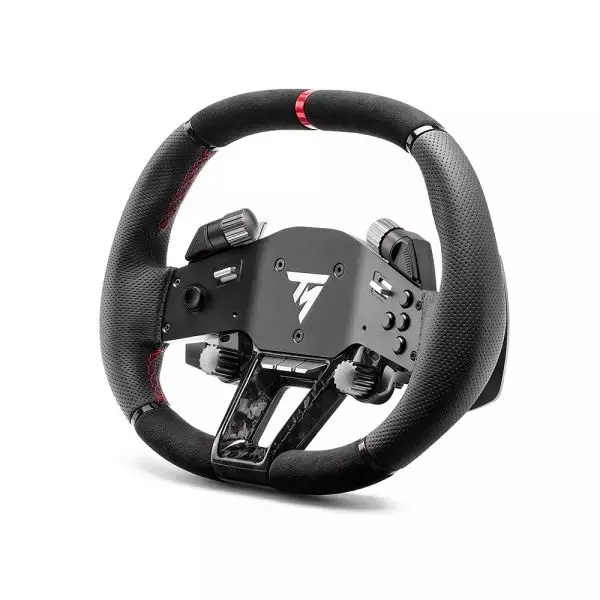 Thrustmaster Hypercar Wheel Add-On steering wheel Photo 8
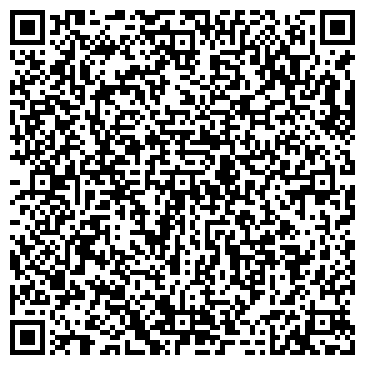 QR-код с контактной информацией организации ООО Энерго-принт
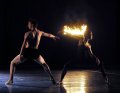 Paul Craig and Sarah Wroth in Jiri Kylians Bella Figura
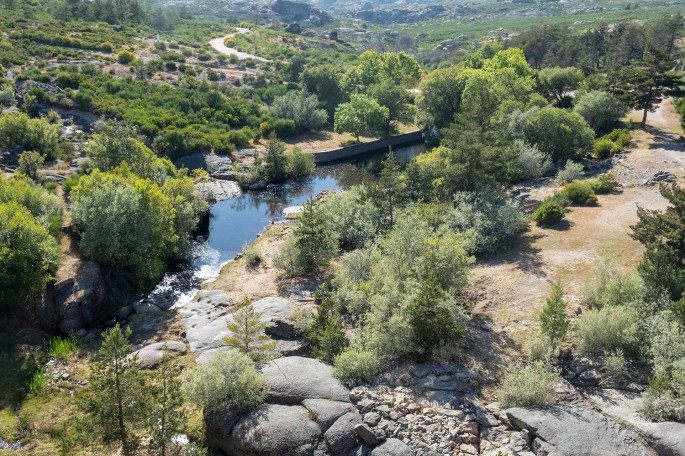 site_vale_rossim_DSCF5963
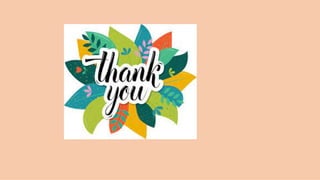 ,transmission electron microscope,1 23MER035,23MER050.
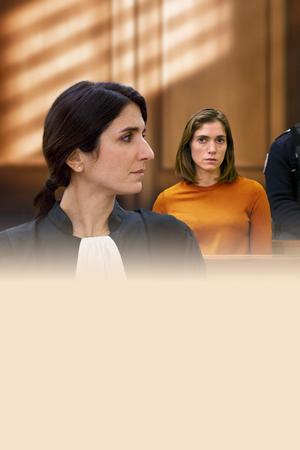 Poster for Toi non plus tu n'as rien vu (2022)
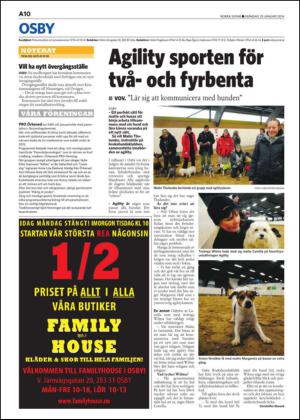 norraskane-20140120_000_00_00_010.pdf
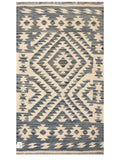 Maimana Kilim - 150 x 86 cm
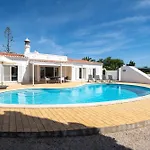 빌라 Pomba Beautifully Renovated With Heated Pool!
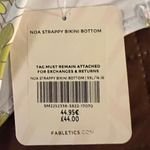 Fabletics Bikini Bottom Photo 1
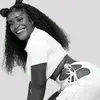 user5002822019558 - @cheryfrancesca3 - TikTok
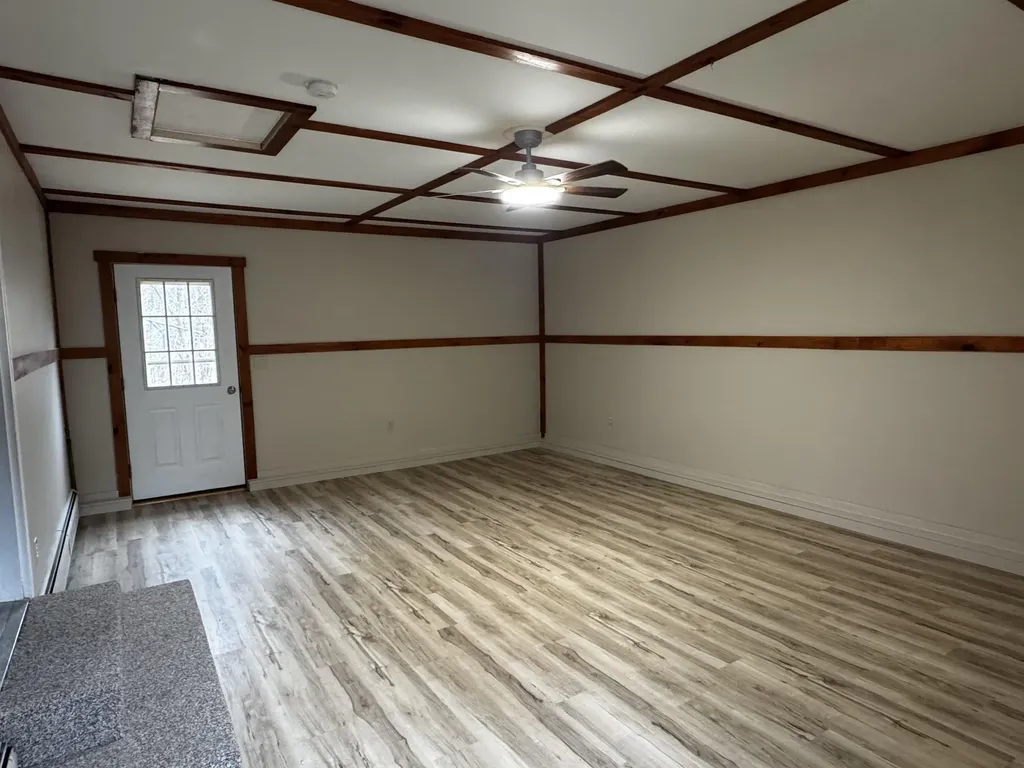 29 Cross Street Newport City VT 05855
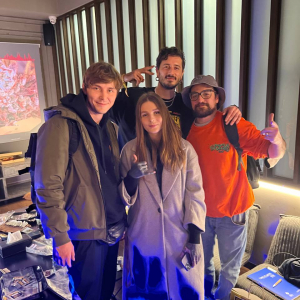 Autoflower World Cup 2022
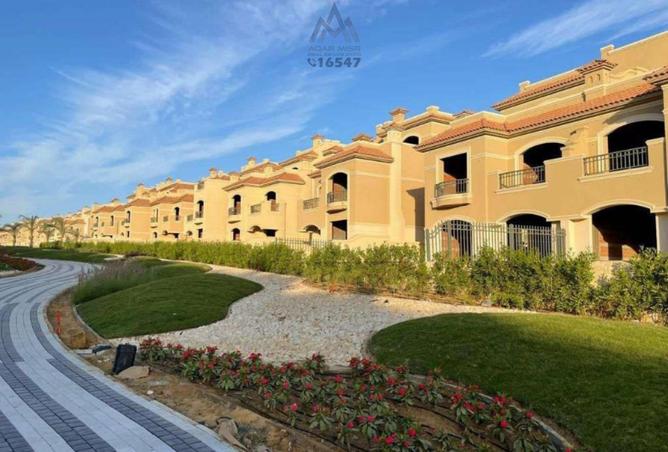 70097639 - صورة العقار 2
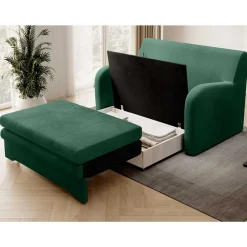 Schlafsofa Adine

—————

→ **ABOUT THIS TASK**
Copy all of the entries verbatim, leaving out any pictures they contain.

→ **EXPECTED ANSWER**
 Thrustmaster Hypercar Wheel Add-On steering wheel Photo 8
 QR-код с контактной информацией организации ООО Энерго-принт
 Paul Craig and Sarah Wroth in Jiri Kylians Bella Figura
 site_vale_rossim_DSCF5963
 ,transmission electron microscope,1 23MER035,23MER050.
 Poster for Toi non plus tu n'as rien vu (2022)
 norraskane-20140120_000_00_00_010.pdf
 Maimana Kilim - 150 x 86 cm
 빌라 Pomba Beautifully Renovated With Heated Pool!
 Fabletics Bikini Bottom Photo 1
 user5002822019558 - @cheryfrancesca3 - TikTok
 29 Cross Street Newport City VT 05855
 Autoflower World Cup 2022
 70097639 - صورة العقار 2
 Schlafsofa Adine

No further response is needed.